The most obvious approach in such a scenario is to catch the audience’s attention by creating opportunities in the untapped prime time segment - the serial itself. Forget commercial breaks, welcome in-program advertising.
Although the concept of in-program advertising is no news, its presence on Indian television is greater now than ever before. While the Indian idol judges on Sony television channel sip Pepsi and Aquafina water on and off for 30 minutes, would the audience really remember the 10 second Coca Cola commercial?

Whether it is an anchor eating Maggie on a adventure show in a lifestyle channel or the Get Gorgeous girls checking their own pictures on Yahoo.co.in, in-program advertising is here for now.
So is television viewing minus the commercial breaks a possibility?

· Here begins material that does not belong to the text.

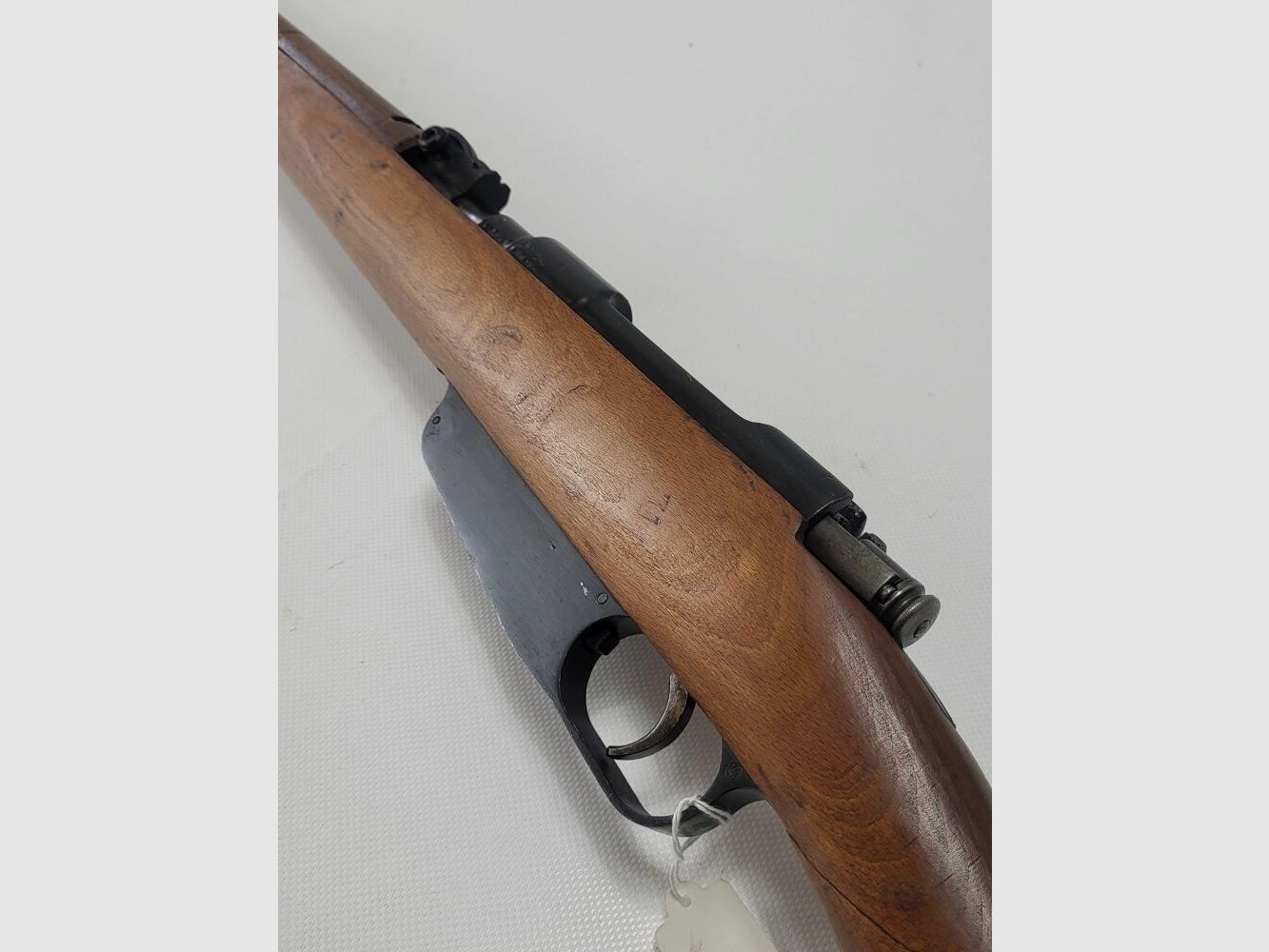 Carcano 91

Are brands, ad-agencies ready to take on this situation? More importantly, how are the viewers going to react to this?
Although it would be interesting to see how products are incorporated into the program, I don’t see many takers for a complete shift in how brands are advertised.
If cleverly done in-program advertising fetches the brand greater coverage and recall value, however how much of the brand to use is eventually the decision of the television channel and the writers.
An overkill may cause some harm to the brand but the negativity of the television viewing experience may keep the viewers away. Remember the movie Yaadien, which got a lot of flake for “over endorsing” and an eventual damp box-office response.